On 11/2/2021 8:46 AM, Andy Shevchenko wrote:
On Sun, Oct 31, 2021 at 08:56:24PM -0700, Ricardo Martinez wrote:
From: Haijun Lio<haijun.liu@xxxxxxxxxxxx>
Registers the t7xx device driver with the kernel. Setup all the core
components: PCIe layer, Modem Host Cross Core Interface (MHCCIF),
modem control operations, modem state machine, and build
infrastructure.
* PCIe layer code implements driver probe and removal.
* MHCCIF provides interrupt channels to communicate events
such as handshake, PM and port enumeration.
* Modem control implements the entry point for modem init,
reset and exit.
* The modem status monitor is a state machine used by modem control
to complete initialization and stop.
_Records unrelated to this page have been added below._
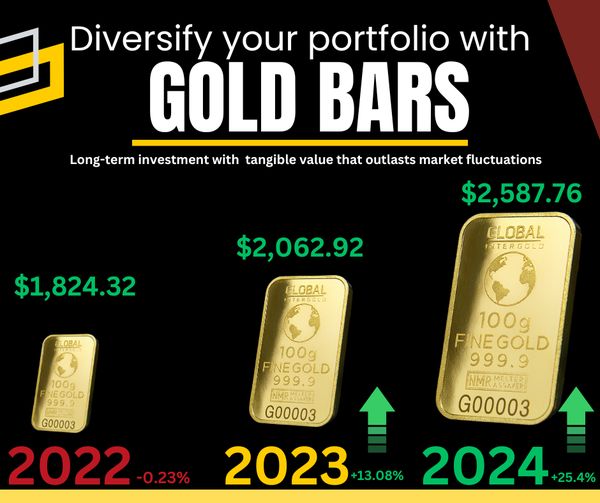 Diversify your Portfolio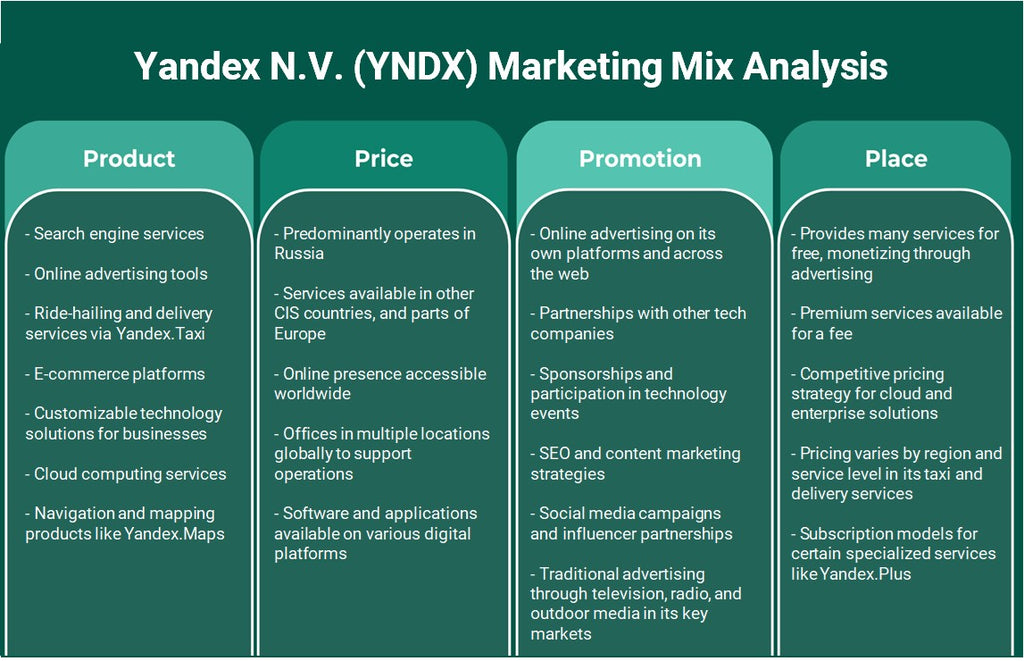 Yandex N.V. (YNDX): Analyse du mix marketing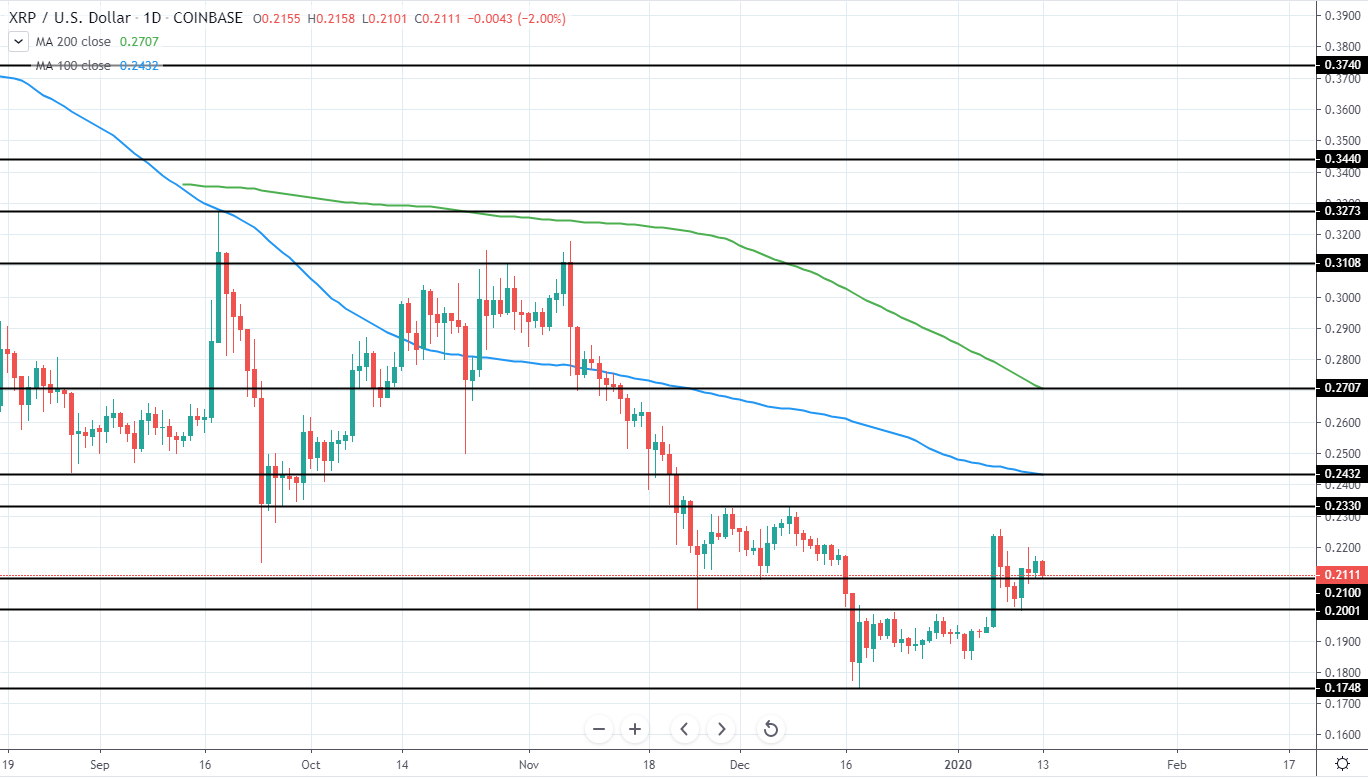 XRPUSD Daily Technical Analysis 13 Jan 2020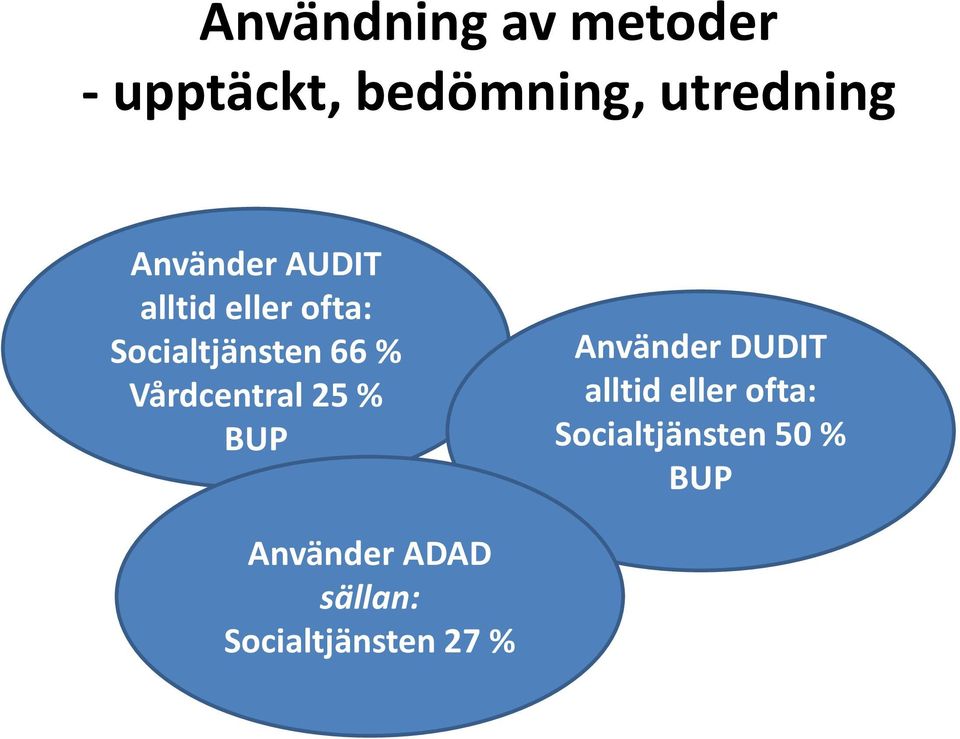 Vårdcentral 25 % BUP Använder DUDIT alltid eller ofta:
It is used also to propagate
exception events reported by other components.
+#define CCCI_HEADER_NO_DATA 0xffffffff
Is this internal value to Linux or something which is given by hardware?
It is hardware defined
...
+ spin_lock_irqsave(&md_info->exp_spinlock, flags);
Can it be called outside of IRQ context?
Actually, it is not in IRQ context, this function is called by the
thread_fn passed to request_threaded_irq(),
Maybe spin_lock_bh makes more sense.
+ int_sta = get_interrupt_status(mtk_dev);
+ md_info->exp_id |= int_sta;
+
+ if (md_info->exp_id & D2H_INT_PORT_ENUM) {
+ md_info->exp_id &= ~D2H_INT_PORT_ENUM;
+ if (ctl->curr_state == CCCI_FSM_INIT ||
+ ctl->curr_state == CCCI_FSM_PRE_START ||
+ ctl->curr_state == CCCI_FSM_STOPPED)
+ ccci_fsm_recv_md_interrupt(MD_IRQ_PORT_ENUM);
+ }
+
+ if (md_info->exp_id & D2H_INT_EXCEPTION_INIT) {
+ if (ctl->md_state == MD_STATE_INVALID ||
+ ctl->md_state == MD_STATE_WAITING_FOR_HS1 ||
+ ctl->md_state == MD_STATE_WAITING_FOR_HS2 ||
+ ctl->md_state == MD_STATE_READY) {
+ md_info->exp_id &= ~D2H_INT_EXCEPTION_INIT;
+ ccci_fsm_recv_md_interrupt(MD_IRQ_CCIF_EX);
+ }
+ } else if (ctl->md_state == MD_STATE_WAITING_FOR_HS1) {
+ /* start handshake if MD not assert */
+ mask = mhccif_mask_get(mtk_dev);
+ if ((md_info->exp_id & D2H_INT_ASYNC_MD_HK) && !(mask &
D2H_INT_ASYNC_MD_HK)) {
+ md_info->exp_id &= ~D2H_INT_ASYNC_MD_HK;
+ queue_work(md->handshake_wq, &md->handshake_work);
+ }
+ }
+
+ spin_unlock_irqrestore(&md_info->exp_spinlock, flags);
+
+ return 0;
+}
...
+ cmd = kmalloc(sizeof(*cmd),
+ (in_irq() || in_softirq() || irqs_disabled()) ? GFP_ATOMIC :
GFP_KERNEL);
Hmm...
Looks like we can just use in_interrupt(), was that the concern?
+ if (!cmd)
+ return -ENOMEM;
+ if (in_irq() || irqs_disabled())
+ flag &= ~FSM_CMD_FLAG_WAITING_TO_COMPLETE;
Even more hmm...
+ if (flag & FSM_CMD_FLAG_WAITING_TO_COMPLETE) {
+ wait_event(cmd->complete_wq, cmd->result != FSM_CMD_RESULT_PENDING);
Is it okay in IRQ context?
We know that the caller that sets FSM_CMD_FLAG_WAITING_TO_COMPLETE flag
it is not in IRQ context.
If that's good enough then we could also remove the check that clears
that flag few lines above.
The only calls using FSM_CMD_FLAG_WAITING_TO_COMPLETE are coming from
dev_pm_ops callbacks, and
we are not setting pm_runtime_irq_safe().
Otherwise we can use in_interrupt() to check here as well.